He said the Lib Dems – who back another referendum on Brexit and want the UK to remain in the EU – were best placed to “heal the divisions” and “overcome the challenges we face as a society.”
Welcoming her latest recruit, Lib Dem leader Jo Swinson said they would work together to prevent a “disastrous Brexit” which would do untold damage to the NHS and other public services.
Dr Lee’s decision to cross the floor – following that of ex-Tory MP Sarah Wollaston last month – was greeted with cheers on the opposition benches.
Amid angry exchanges during the PM’s statement on last month’s G7 summit, Jeremy Corbyn urged the PM to “reflect on his choice of language” to describe the rebels’ bill.

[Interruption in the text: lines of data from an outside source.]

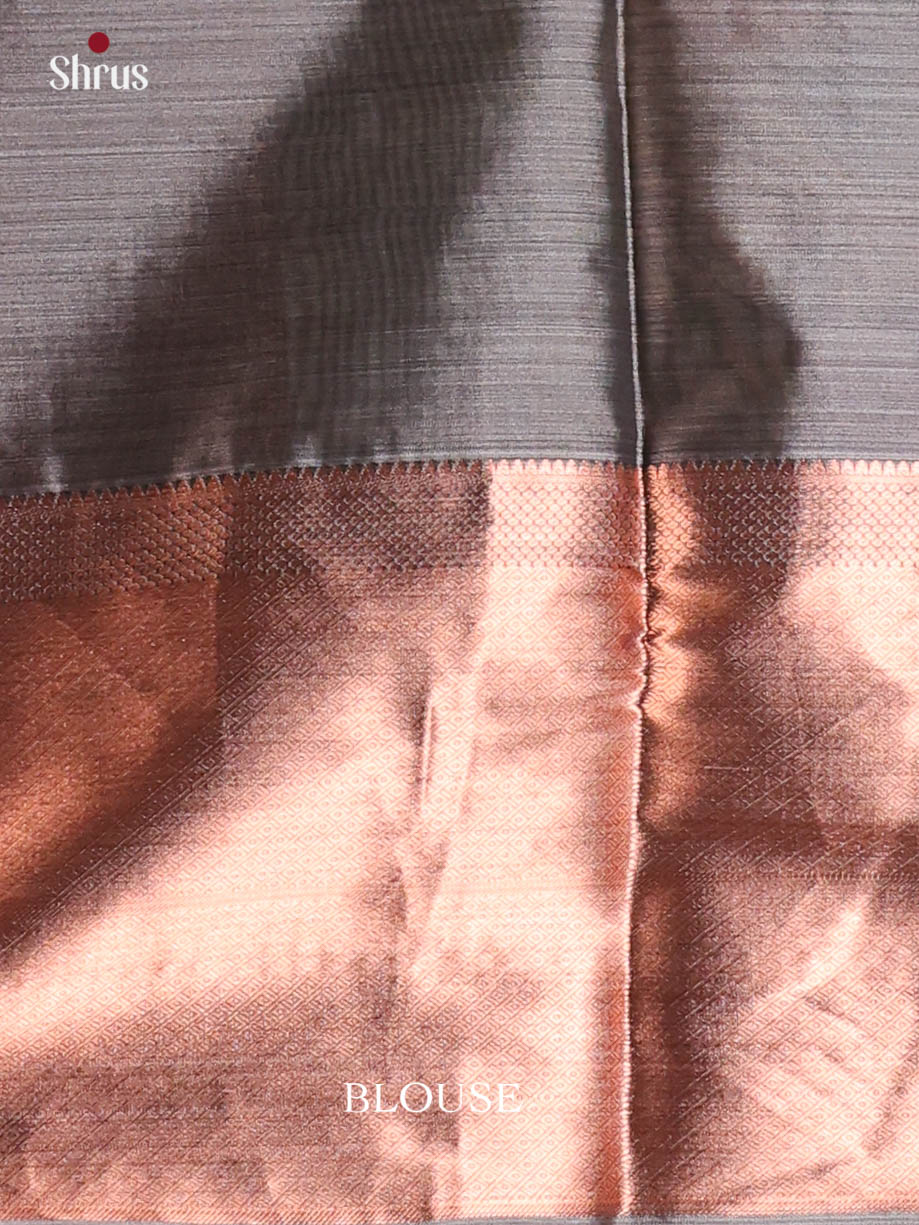 Brown & Maroon - Kanchipuram-halfpure Saree - Shop on Shrus.com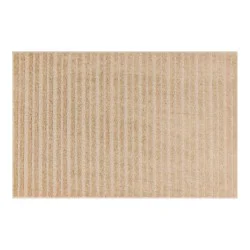 Mohawk Enduring Stripe Scatter Rug, 30 in x 45 in, Ivory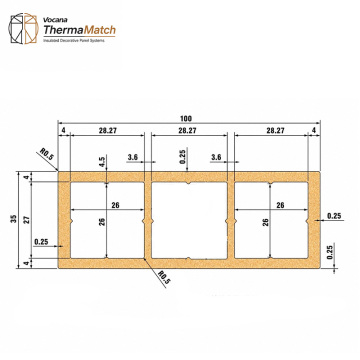 Rectangular Aluminum Tube Profile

The Labour leader said the UK was “not at war with Europe” and it was a no-deal exit which would see the UK “surrender” jobs, employment standards and social protections.
“His is a government with no mandate, no morals and, as of today, no majority,” he added.
The SNP’s leader in Parliament, Ian Blackford, said Dr Lee’s defection capped what he said was the “shortest-lived honeymoon period ever” for a new prime minister.
He said his party was ready for a general election at any time.
But veteran Tory Ken Clarke, one of those set to rebel later, said the PM’s strategy was to “set conditions which make no deal inevitable, to make sure as much blame as possible is attached to the EU, and as quickly as he can fight a flag-waving election before the consequences of a no deal become too obvious to the public”.